The trial judge overstated the vulnerability of seamen's releases in saying that "a release means practically nothing in a case of this kind", and "where we find the amount which was paid was inadequate, the court will disregard it." See Bonici v. Standard Oil Co., 2 Cir., 103 F.2d 437, certiorari denied 308 U.S. 560, 60 S. Ct. 106, 84 L. Ed. 471; Id., 308 U.S. 636, 60 S. Ct. 137, 84 L. Ed. 528; Sitchon v. American Export Lines, 2 Cir., 113 F.2d 830, certiorari denied 311 U.S. 705, 61 S. Ct. 171, 85 L. Ed. 458. Nevertheless his action in disregarding it can be sustained on the authority of the Bonici case, for here, as there, at the time the release was given the injury was considered less serious than it eventually turned out to be and the seaman signed the release because of the diagnosis made by the shipowner's doctor. Hence the appellee's assignments of error cannot be sustained.

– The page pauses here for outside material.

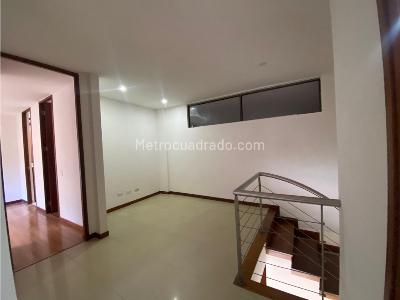 Apartamento de 3 alcobas en arriendo en El Poblado, Medellín, 120 m² · foto 12 de 16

Nor can we say there was error in dismissing the second cause of action for failure of proof. Whether the ship's captain was negligent in keeping the injured seaman on board instead of sending him to a hospital at Martinique is solely a question of fact upon the evidence. The trial judge was not compelled to give credence to the libellant's testimony concerning the civilian doctor's advice to the captain. Mr. Dawson, the company's claim agent, testified that in Stuart's discussion of his claim he made no complaint about being neglected or about failure to send him to a hospital.

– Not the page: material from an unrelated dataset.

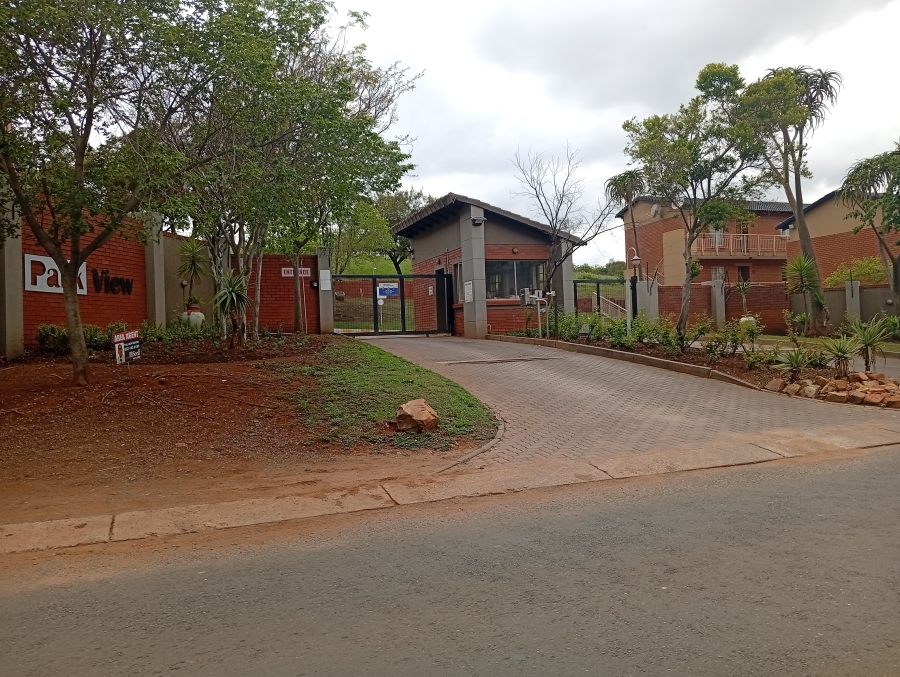 To Let 3 Bedroom Property for Rent in Equestria Gauteng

When the court announced its decision libellant's counsel suggested that the judge "decide whether there is negligence in this case which caused this accident." To this the court replied: "I think it necessarily follows: * * * " Further colloquy showed that the $500 award was to cover "pain and suffering" as well as maintenance. Since the decree includes damages for injuries attributable to the respondent's negligence in furnishing a defective stove lid and the evidence shows that the injuries were exceedingly painful, we think the award is unduly small. The decree is modified to increase the award to $1,000, and, so modified, is affirmed.